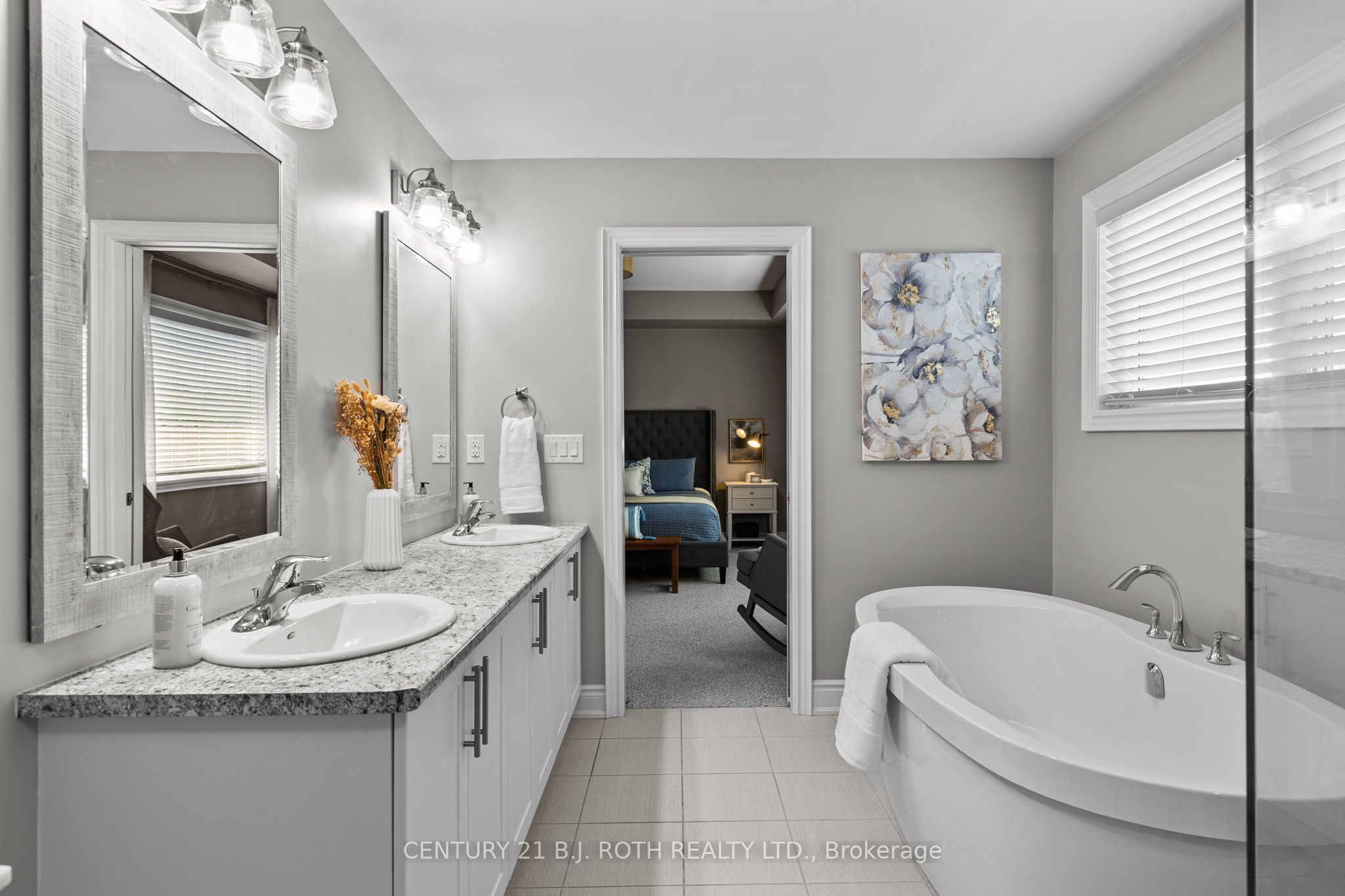 3015 Annalysse Drive Property Photo 18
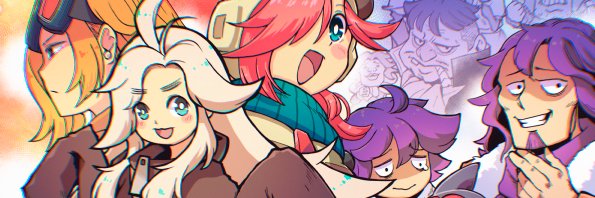 inothi's profile banner image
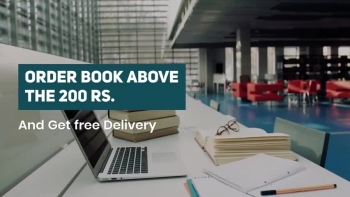 Boookart- A leading Online Book Selling Store 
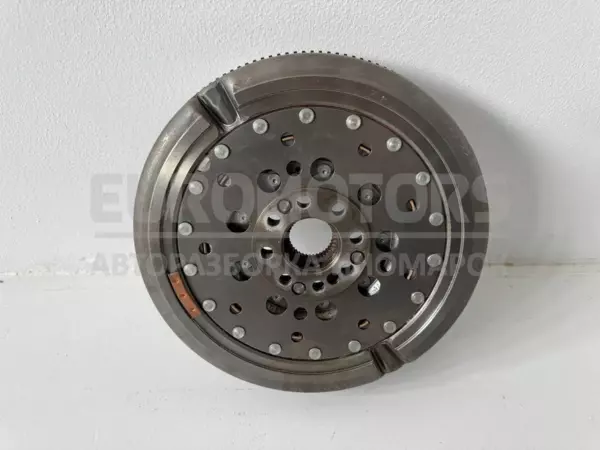 Маховик Mercedes A-class 2.0 Turbo 16V (W176) 2012-2018 A2700301005 it-12359 Бензин - 2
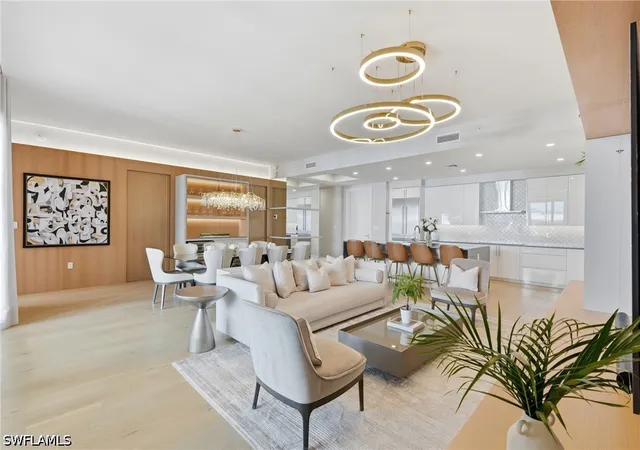 1115-central-ave-554-naples-fl-34102/hzid_c0b349c0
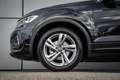Volkswagen T-Roc 1.5 TSI 150pk DSG R-Line | Trekhaak Afneembaar | A Nero - thumbnail 13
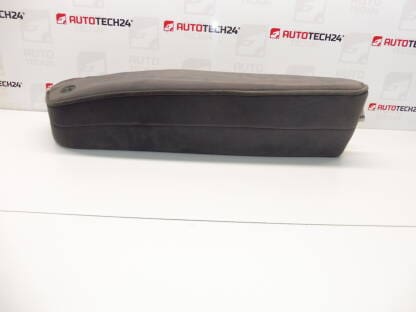 Kryt levého zadního airbagu Peugeot 607 8852D2 - Image 4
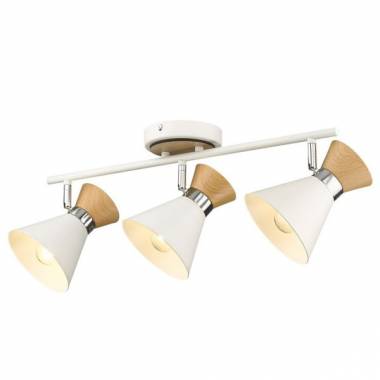 Спот Velante 218-007-03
###
Return an exact transcription of the material, with its pictures left out.

Task answer
 3015 Annalysse Drive Property Photo 18
 inothi's profile banner image
 Boookart- A leading Online Book Selling Store 
 Маховик Mercedes A-class 2.0 Turbo 16V (W176) 2012-2018 A2700301005 it-12359 Бензин - 2
 1115-central-ave-554-naples-fl-34102/hzid_c0b349c0
Volkswagen T-Roc 1.5 TSI 150pk DSG R-Line | Trekhaak Afneembaar | A Nero - thumbnail 13
 Kryt levého zadního airbagu Peugeot 607 8852D2 - Image 4
 Спот Velante 218-007-03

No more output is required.